Eating Habits That Slow Healing

When and how you eat can matter as much as what you eat. Eating within two to three hours of bedtime triggers acid production at a time when lying down allows that acid to pool against your stomach lining. If you have an ulcer, finishing your last meal at least three hours before you go to sleep reduces overnight acid exposure.

Large meals also spike acid production more than smaller ones. Eating smaller, more frequent meals throughout the day keeps your stomach from producing large surges of acid at once. This doesn’t mean you need to eat constantly, just that splitting a large dinner into two smaller sittings can make a noticeable difference in symptoms.

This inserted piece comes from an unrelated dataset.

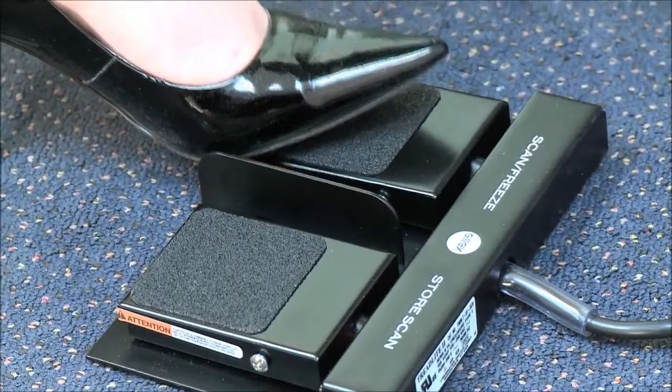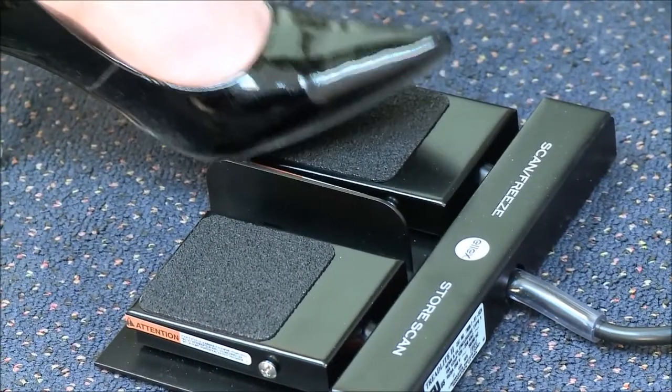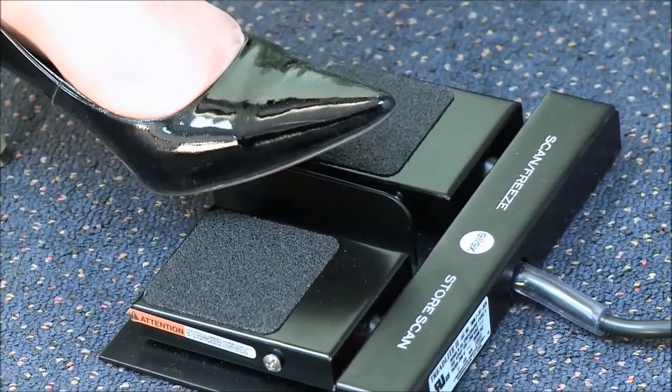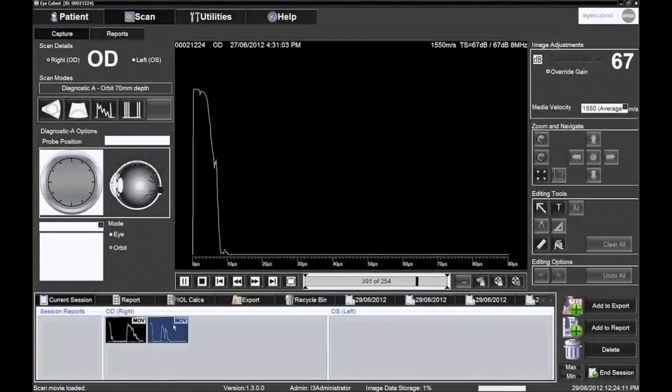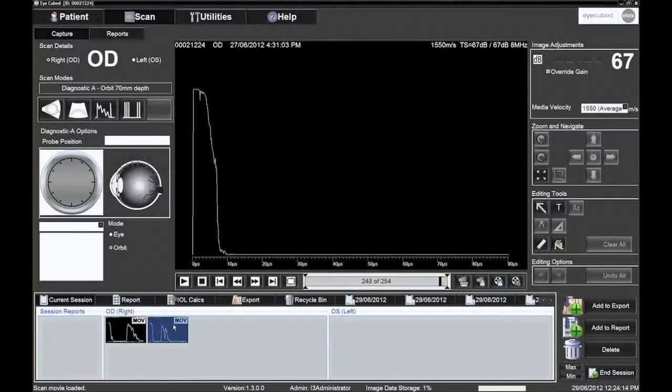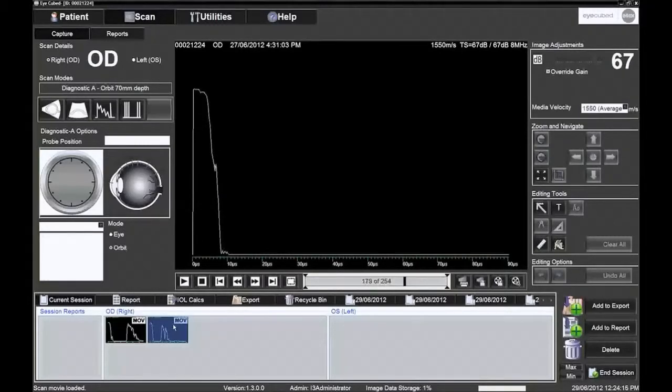Each time the left foot switch is pressed, or F11 is pressed, to stop the scanning, the iCubed remembers the last 5 seconds or 254 frames.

Skipping meals is also worth avoiding. An empty stomach still produces acid, and without food to buffer it, that acid sits directly on the ulcer.

High-Fiber Foods Help, Not Hurt

While most ulcer advice focuses on what to cut out, adding fiber is one dietary change with real evidence behind it. In a clinical trial published in The Lancet, patients with recently healed duodenal ulcers were placed on either high-fiber or low-fiber diets for six months. Ulcers came back in 80% of the low-fiber group compared to 45% of the high-fiber group. That’s a meaningful protective effect.

Wheat bran in particular appears to act as a chemical scavenger in the stomach, neutralizing certain harmful compounds under acidic conditions. Fruits, vegetables, oats, and legumes are all good sources of soluble and insoluble fiber. Building more of these into your meals while your ulcer heals, and keeping them in your diet afterward, can reduce the chance of recurrence.

Stress and Sleep

Stress doesn’t directly cause ulcers (that’s usually H. pylori bacteria or NSAIDs), but chronic stress increases acid secretion and can delay healing. Poor sleep has a similar effect, disrupting the body’s overnight repair processes. You don’t need a meditation retreat, but finding practical ways to manage stress and protect your sleep gives your stomach lining a better environment to recover in.